# Marine to Scout Conversion?



## Wolf_Lord_Skoll (Jun 9, 2008)

At the moment I have a few random space marine scouts laying around, but im one short of a squad. I was wondering if anyone has an relatively easy way of converting a standard space marine back into a scout? I have absoulutely no spare scout parts, all of the scouts i have were obtained by themselves. Any ideas are welcome.


----------



## jordan_darko (Mar 26, 2008)

Hmm thats kinda tough but the only thing I could suggest is using some of the catachan jungle fighter bitz instead of marine arms use the catachan arms and also a catachan head, he would look like a cool scout sergeant. JD


----------



## moo (Aug 12, 2008)

I think i'd tend to agree with JD here, catachans are probably the best idea, you might be able to pick up a few spare sprues from someone on here. Since there are always bits left over


----------



## magician847 (Jan 4, 2007)

*converting*

I didnt have the bits for a scout commander, but i made one:

list of materials:

marine torso,
marine leg,
sergeant's head (your choice),
cadian arms,
marine shoulderpads,
weapons of your choice.

how to:

very obvious:

torso + legs + head = body
waepons + arms, + body = almost done
marines shoulderpads + cadian shoulderpads = done

M


----------



## Wolf_Lord_Skoll (Jun 9, 2008)

Haha, I got the same advice from someone today! Looks like my problem is solved. Cheers!


----------



## Blackhiker (Dec 28, 2007)

Good luck on the conversion.
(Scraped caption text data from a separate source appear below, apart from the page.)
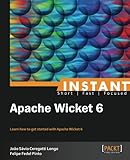 Instant Apache Wicket 6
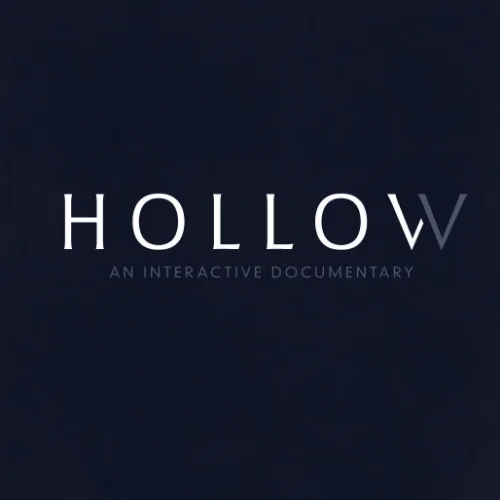 Hollow: An Interactive Documentary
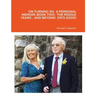 On Turning 80: A Personal Memoir: Book Two: The Middle Years... and Beyond (1973-2021)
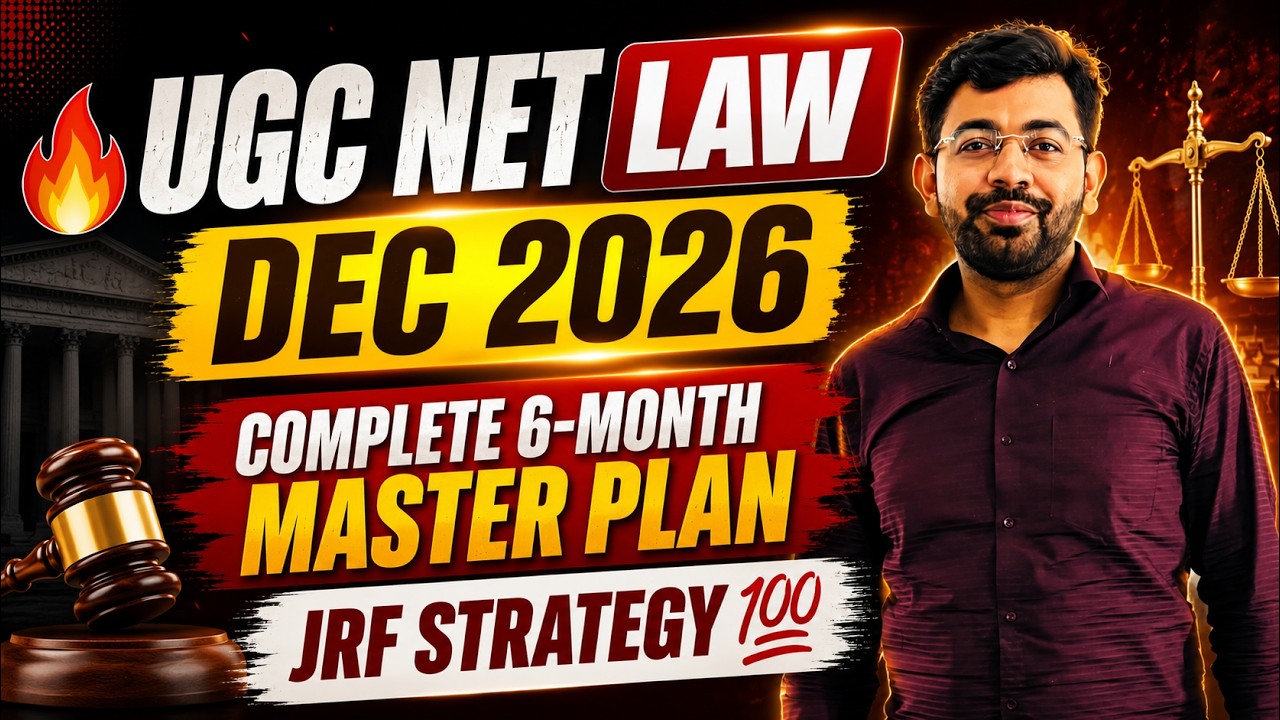 UGC NET LAW Complete 6 Months Master Plan | UGC NET Dec 2026 LAW Preparation Strategy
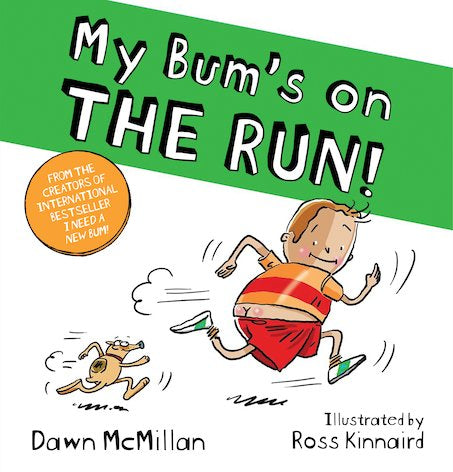My Bum’s On The Run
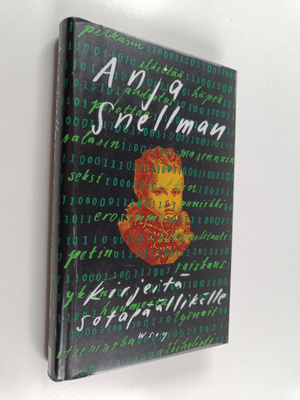 Anja Snellman : Kirjeitä sotapäällikölle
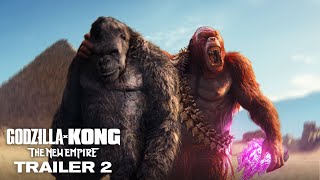 Godzilla x Kong  The New Empire  Trailer 2 [upl. by Mariana29]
Be sure to show us once you are done.


----------



## chromedog (Oct 31, 2007)

I did up a Vet sgt for a scout squad a number of years ago (plastic scouts were still a distant option), using a SM torso and head, Catachan arms and legs, CSM gauntlets, a Storm bolter, and a backpack from some other mini - apothecary, I think, but with a tau battlesuit 'V' antenna array (from O'Shova, iirc) attached on the side.


----------



## Wolf_Lord_Skoll (Jun 9, 2008)

At this stage its looking like being a Space Wolf head, Tactical marine body and torso, with cadian arms, Meltagun and other bits and pieces.


----------



## gwmaniac (Sep 1, 2008)

for my scouts, i just get the catachan set and buy bolters from bits stores. then i add some green stuff padding to give them some armor for that 4+ armor save.


----------



## Ben_Weekes (Nov 23, 2008)

i used a space marine combat squad to make my scouts...using heads without helmets and converting the bolter into a sniper rifle, and fitting the over large combat knife into the hands and im pleased with the results...i used a different colour sheme so that they would fit in


----------



## brennan (May 25, 2009)

Celery is tasty


----------



## Inquisitor Varrius (Jul 3, 2008)

What the heck?


----------



## Someguy (Nov 19, 2007)

Ignore the spammer/troll.

I'd suggest buying a land speeder storm. You get the storm, which is great, and you can then make one or more of the guys hanging off it into a proper scout.


----------



## lithiumjuice (Oct 12, 2009)

Well I see that this has been up for awhile but I'm going to jump in on it. I used some Catachans that were already assembled that I had bought online pretty cheap. I used their heads, arms and legs and put them on a marine torso without the backpack and I shaved off that little nobby thing on the back that fits to the backpack. I snipped off the laspistols from their hands, I then took some spare bolt pistols I had laying around the bit box and attached them. The Catachans already had chain swords in their hands so that was taken care of. I finished it all off with some shoulder pads with the bottom trim shaved off to make them shorter. I have never actually seen a scout model, but I have gotten a few compliments on these guys. I use them as close combat scouts. I am working on some snipers now.


----------